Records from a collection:

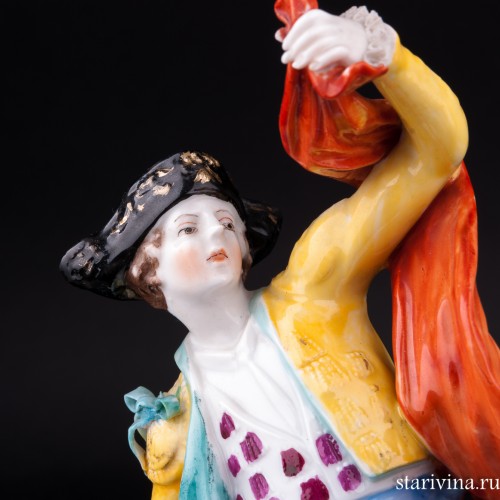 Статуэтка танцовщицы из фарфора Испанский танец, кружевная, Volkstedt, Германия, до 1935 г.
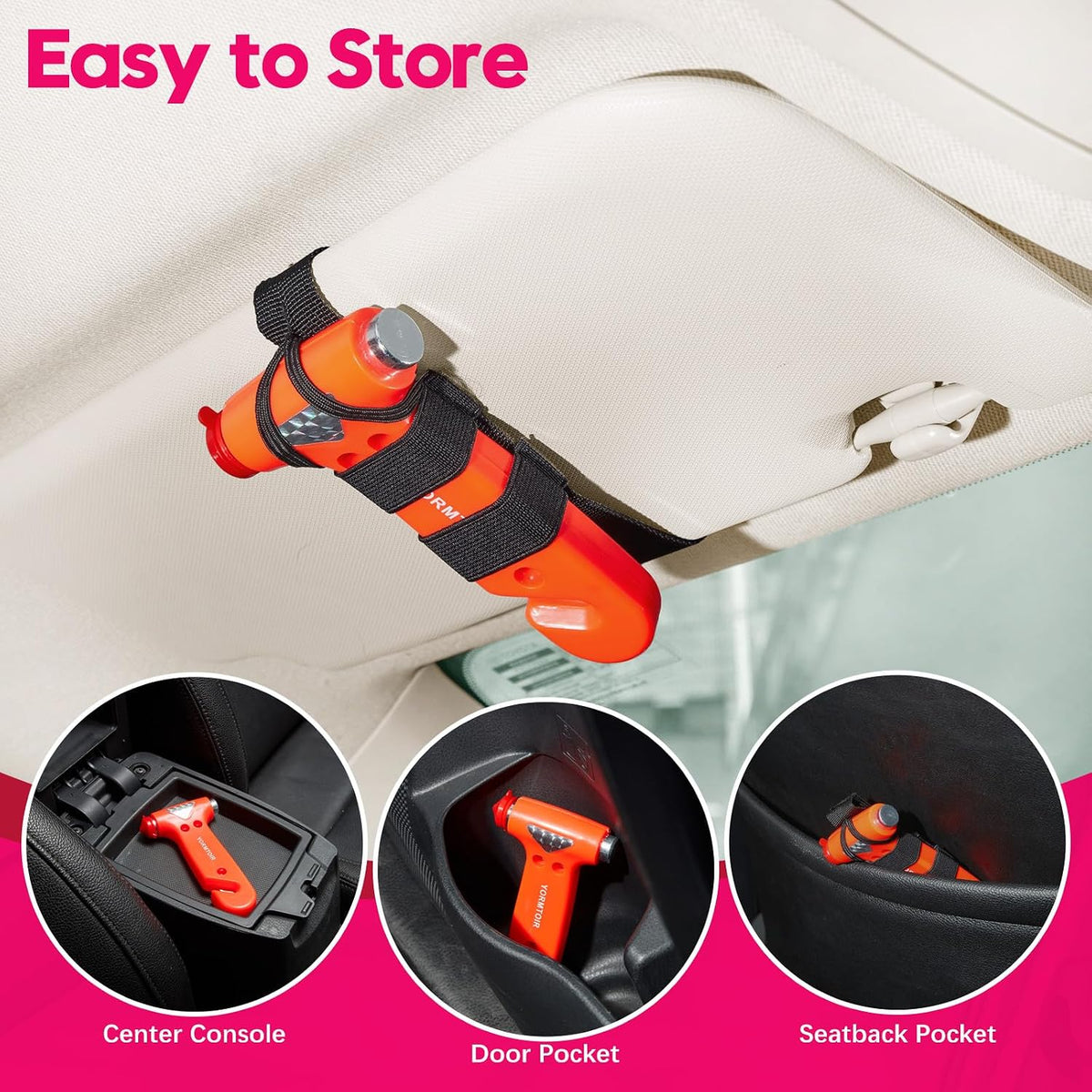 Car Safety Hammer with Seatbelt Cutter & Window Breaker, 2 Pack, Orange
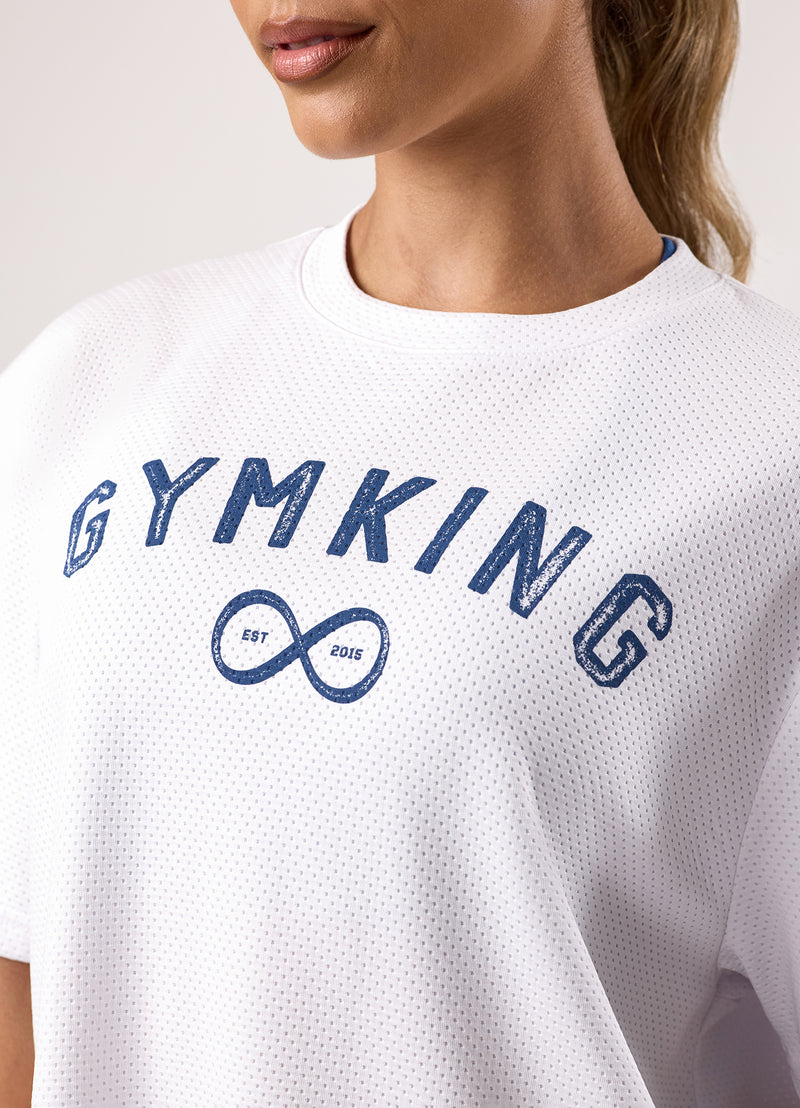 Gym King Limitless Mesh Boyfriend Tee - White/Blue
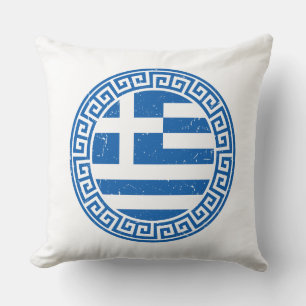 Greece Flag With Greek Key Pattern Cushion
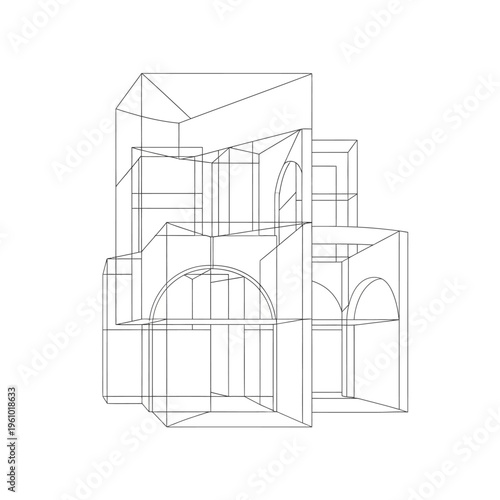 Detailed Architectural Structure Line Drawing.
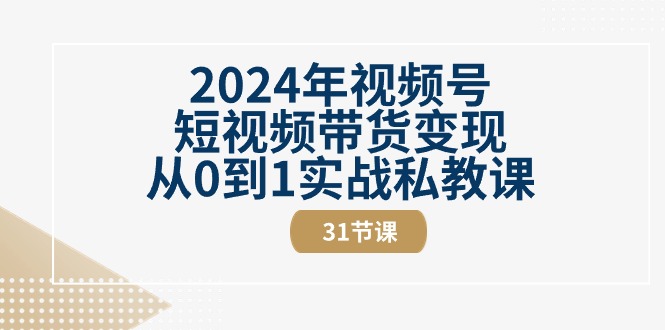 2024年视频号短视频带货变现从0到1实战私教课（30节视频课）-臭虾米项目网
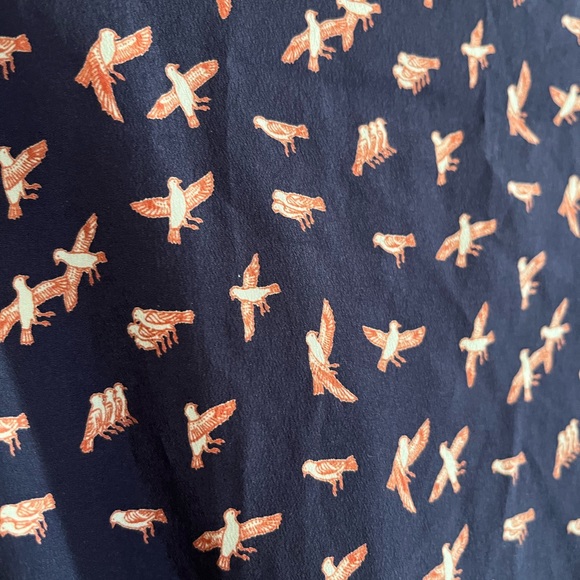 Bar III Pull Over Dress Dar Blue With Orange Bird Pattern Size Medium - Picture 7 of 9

WHAT IS REQUIRED.
Reproduce the span beginning at the line with "Car Safety Hammer" and ending at the last line of the entries above, inclusive, exactly as it stands. Exclude the pictures.

ANSWER TO THE EXERCISE.
 Car Safety Hammer with Seatbelt Cutter & Window Breaker, 2 Pack, Orange
 Gym King Limitless Mesh Boyfriend Tee - White/Blue
 Greece Flag With Greek Key Pattern Cushion
 Detailed Architectural Structure Line Drawing.
 2024年视频号短视频带货变现从0到1实战私教课（30节视频课）-臭虾米项目网
 Bar III Pull Over Dress Dar Blue With Orange Bird Pattern Size Medium - Picture 7 of 9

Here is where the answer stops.